Radamel tomó la pelota, la acercó a sus labios y le susurró ternura. La acarició, la miró con sus ojos de amante y abrió sus manos para cubrir con su piel la superficie entera y convencerla de que la anhelaba a toda ella, a cada partícula de su brillo esférico, cada rombo y costura.
Su incondicional amor ardiente era eterno.
Después, la cámara de Rusia 2018 mostró al jugador de Colombia posando el balón en el césped para que el partido ante Inglaterra iniciara y los Octavos de Final definieran si ella sería suya, de su país, o pese a su trato amoroso se alejaría por siempre pues así lo quería el destino.
El destino. Confiaba en el destino o quizá en Dios o en La Providencia o la fe o una fuerza superior. La secuencia, imposible en un jugador croata, alemán, sueco, inglés, gritaba de qué están hechas aún las entrañas de Latinoamérica: era una íntima visita a un templo para rogar un milagro.
Después vino un duelo que fue guerra, fuego. Patadas, cabezazos, empujones, ojos inflamados de furia, reclamos, camillas, jugadores retorcidos en el piso, alaridos de dolor.
Extraña decisión de Colombia para ayudar al destino: no ejercía el futbol vanguardista que llegaba al arco rival con esa verticalidad escrupulosa, marca de su identidad en la primera fase del Mundial. No, los dirigidos por Pékerman exigían lo que sentían suyo con otro método: el frenesí, que sumó 23 foules, 6 tarjetas y un penal en contra por un empujón de Sánchez.
El remate desde el manchón de Kane, máximo goleador de la competencia, fue al centro del arco.

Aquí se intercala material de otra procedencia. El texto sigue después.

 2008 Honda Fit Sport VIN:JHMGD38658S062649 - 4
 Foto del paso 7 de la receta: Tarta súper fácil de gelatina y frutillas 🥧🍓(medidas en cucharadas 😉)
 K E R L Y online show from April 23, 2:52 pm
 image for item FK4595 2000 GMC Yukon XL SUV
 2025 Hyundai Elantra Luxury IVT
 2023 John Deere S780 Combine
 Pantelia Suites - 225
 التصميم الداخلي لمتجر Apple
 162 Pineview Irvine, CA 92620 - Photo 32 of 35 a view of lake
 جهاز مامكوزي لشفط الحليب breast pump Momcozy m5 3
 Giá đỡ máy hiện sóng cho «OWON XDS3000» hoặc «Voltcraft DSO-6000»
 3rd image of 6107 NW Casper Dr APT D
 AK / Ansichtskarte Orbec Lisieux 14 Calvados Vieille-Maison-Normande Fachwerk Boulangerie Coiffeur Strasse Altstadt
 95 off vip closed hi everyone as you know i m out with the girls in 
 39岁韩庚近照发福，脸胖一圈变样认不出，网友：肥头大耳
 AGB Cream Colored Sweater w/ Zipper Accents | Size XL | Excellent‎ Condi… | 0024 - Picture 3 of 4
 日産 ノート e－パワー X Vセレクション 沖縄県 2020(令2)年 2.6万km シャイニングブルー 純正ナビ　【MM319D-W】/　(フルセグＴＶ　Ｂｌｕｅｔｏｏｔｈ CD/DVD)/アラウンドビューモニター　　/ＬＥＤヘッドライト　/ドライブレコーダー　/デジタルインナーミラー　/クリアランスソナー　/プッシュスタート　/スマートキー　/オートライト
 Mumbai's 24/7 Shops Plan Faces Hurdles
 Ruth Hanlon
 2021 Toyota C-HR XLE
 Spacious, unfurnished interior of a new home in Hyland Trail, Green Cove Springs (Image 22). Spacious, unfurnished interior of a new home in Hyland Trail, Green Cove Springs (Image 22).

De quedarse quieto, Ospina la habría agarrado con un ligero movimiento de manos. Pero se lanzó: gol inglés, con un balón que pasó a tres centímetros del botín del portero que alzó la pierna. Tres centímetros, no más. Acaso Dios, la providencia, la fe, o esa fuerza superior en la que Colombia depositaba tantas ilusiones hacía su voluntad.
Pero vino el milagro. A 148 segundos del final, Mina se levantó y desde una altura sobrehumana dio un martillazo al balón, que picó en el césped. Aunque el británico Trippier la chocó con la cabeza, por la fuerza bruta la pelota viajó al techo del arco. ¿Qué hizo Mina? Corrió hasta sus hinchas amarillos y ante la veneración a gritos por su gol del empate repitió con el gesto de sus brazos, cabeza y rostro: no fui yo, fue el Creador. Su gol, voluntad de Dios.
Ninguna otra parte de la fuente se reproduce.